Aveva uno sguardo, David, che non aveva mai visto prima, e che Marius aveva notato. L'aveva messa in guardia e lei aveva ignorato quel suo consiglio paterno. Da stupida si era scandalizzata per un bacio candido, che era tutto tranne che passionale, tranne che un modo per provarci con lei. Lo aveva fatto sentire una merda.

Il giorno dopo sarebbe andata in aeroporto e avrebbe preso il primo volo per Milano, ma quella sera non poteva fare altro che cercare di ammansire l'animale selvaggio che si agitava nella stanza accanto, pregando il cielo che non gli venisse in mente qualcosa di truce.

La porta si aprì.

Rosa trasalì appena scorse nella penombra quel volto stravolto dalla rabbia e dall'alcol.

«Stasera ho voglia di giocare» ghignò in modo malefico David. «Stasera Miss Rose si fa male.»

Un filo di bava gli colava dal lato destro della bocca.

«Non capisco perché tutto questo, sei un uomo intelligente e buono» provò a blandirlo.

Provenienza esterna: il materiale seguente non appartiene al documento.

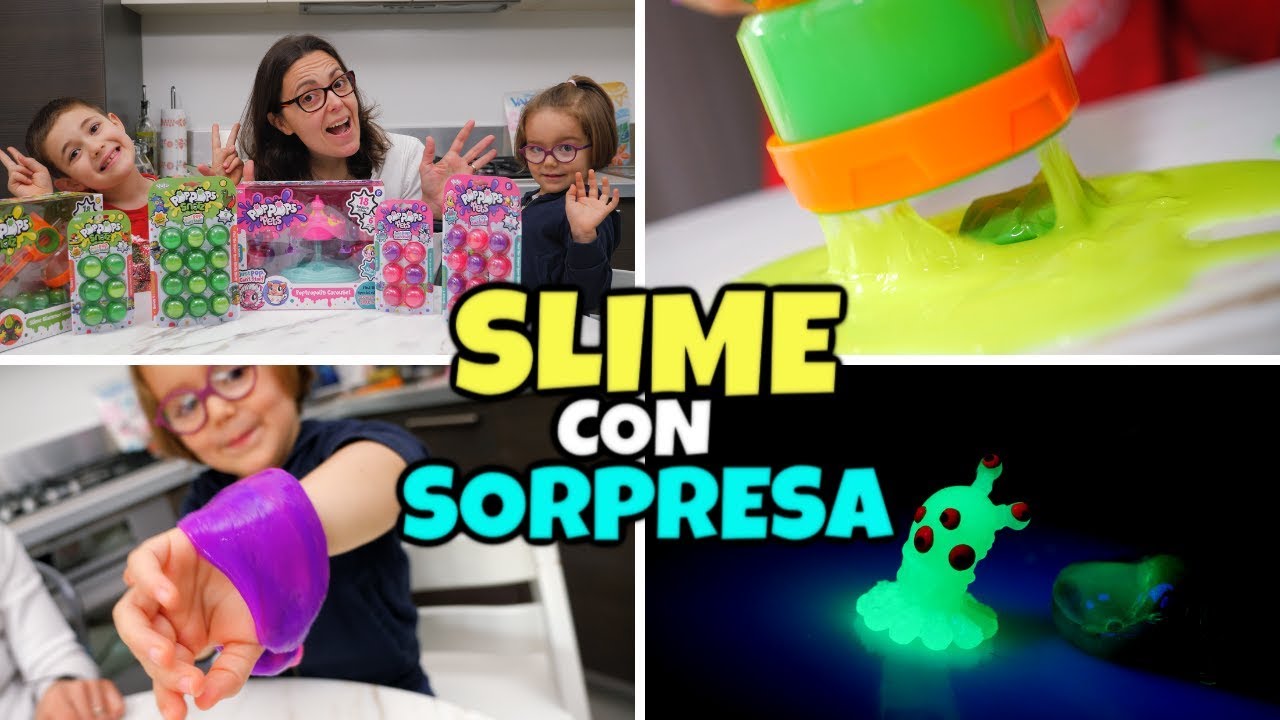 SLIME POP POPS DI COPPIA: Sorprese nello Slime da Scoppiare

Ma lui non demorse. Rise furioso.

«Perché sei una brutta troia, ecco perché. Con me fai la suora e poi vai a letto coi negri.»

«Cos'hai contro i neri?»

Assecondalo...

«E comunque non sono andata a letto con nessuno, te lo giuro. E lui non è nero. Se c'è qualcosa di nero qui dentro è la tua anima! Sei tu che da quando siamo in questa merda di città hai perso il cervello! Non fai che guardare le altre, e Giselle... cos'hai combinato con Giselle? Te la sei scopata? Bravo, complimenti! Io non ti ho detto nulla! Allo stesso modo, ignora ciò che c'è tra me e Marius.»

«Ah-ah... si chiama così quel bisonte... e fammi capire, cosa ci sarebbe tra te e Marius?» chiese sfilandosi la cintura dei pantaloni.

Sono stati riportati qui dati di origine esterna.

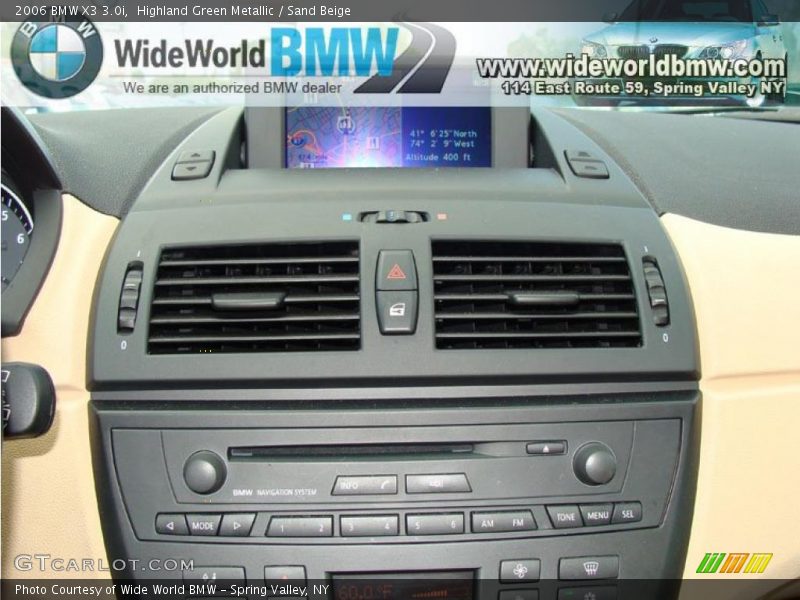 Highland Green Metallic / Sand Beige 2006 BMW X3 3.0i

«Non... non c'è nulla. Cosa diavolo pensi di fare con quella cinghia?» domandò atterrita.

«Tu sei mia!» tuonò prima di colpirla sulla schiena. «Ricordatelo. Sei mia!»

Rosa provò a divincolarsi ma lui la spinse sul letto, la bloccò con il peso del corpo e le legò le braccia con la cintura. In quella posizione, ebbe da lei ciò che con le buone maniere non era mai riuscito a ottenere: la sua completa sottomissione.

Quando Rosa percepì che non aveva intenzione di massacrarla di botte, ma voleva solo umiliarla, gli lasciò fare ciò che voleva. Furono degli istanti penosi, ma non durarono molto. Quando ebbe finito scomparve per qualche minuto in bagno per poi uscire di casa sbattendo la porta.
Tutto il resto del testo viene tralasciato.